++++ Listed records
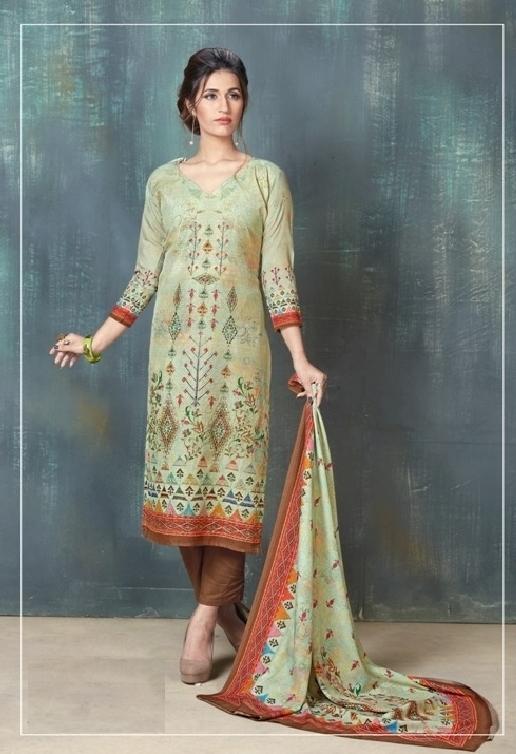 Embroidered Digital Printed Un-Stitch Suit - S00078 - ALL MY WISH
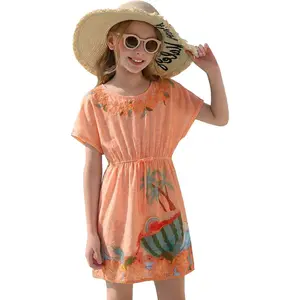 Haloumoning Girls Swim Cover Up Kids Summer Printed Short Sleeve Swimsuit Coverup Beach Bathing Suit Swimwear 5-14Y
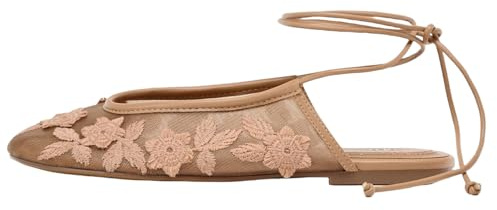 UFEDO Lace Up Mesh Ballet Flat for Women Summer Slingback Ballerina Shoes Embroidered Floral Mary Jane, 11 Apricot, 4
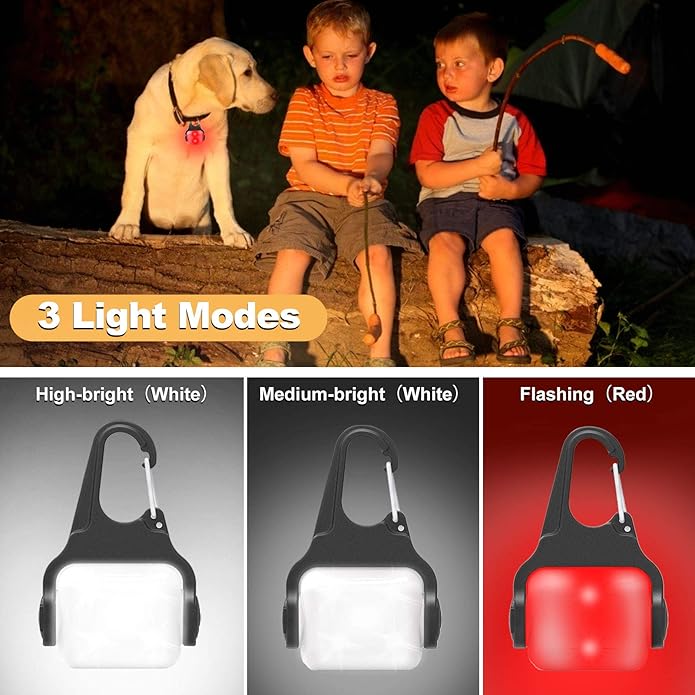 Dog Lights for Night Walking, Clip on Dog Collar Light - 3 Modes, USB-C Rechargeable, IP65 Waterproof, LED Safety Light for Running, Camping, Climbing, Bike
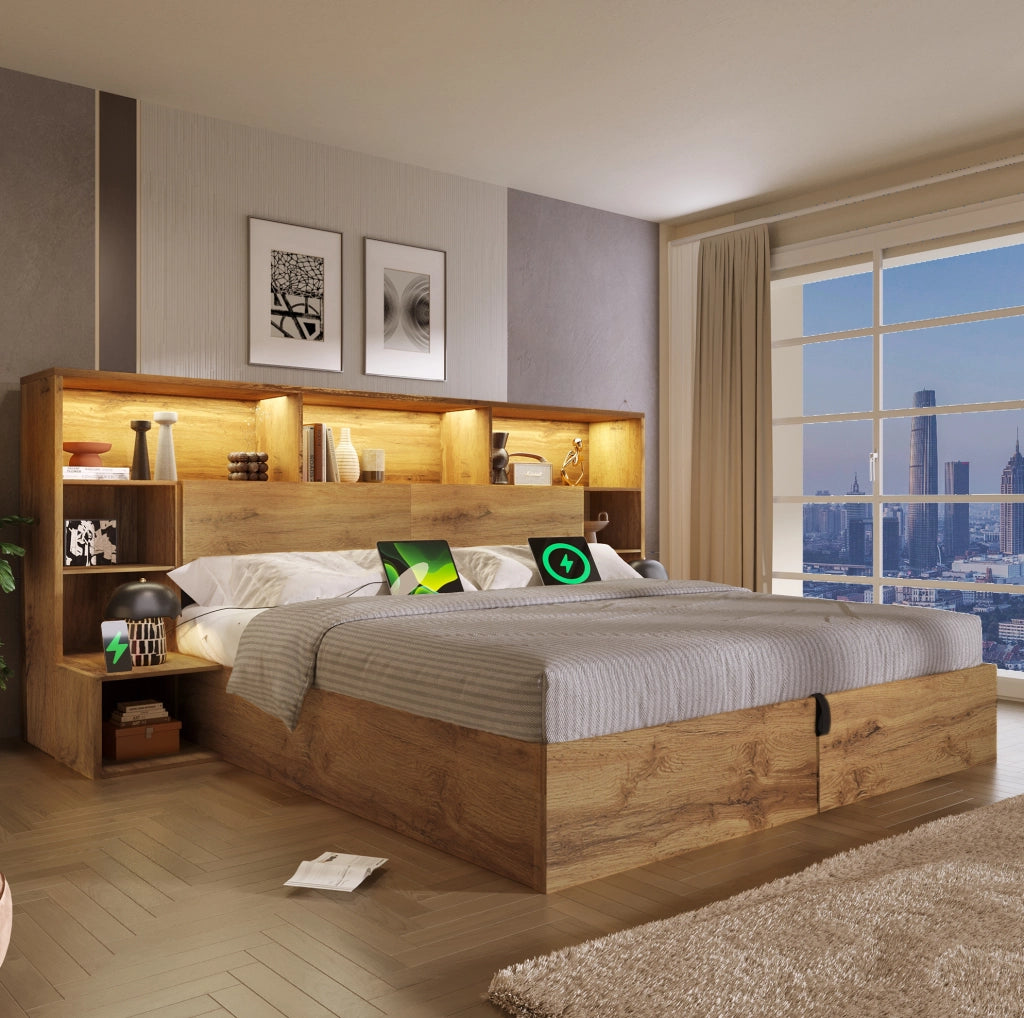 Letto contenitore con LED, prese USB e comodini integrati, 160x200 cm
++++++++
*What you need to do*.
Return exactly the lines of the data, beginning with the first and ending with the line containing "Haloumoning Girls Swim". Skip the pictures.

*Written response*.
 Embroidered Digital Printed Un-Stitch Suit - S00078 - ALL MY WISH
 Haloumoning Girls Swim Cover Up Kids Summer Printed Short Sleeve Swimsuit Coverup Beach Bathing Suit Swimwear 5-14Y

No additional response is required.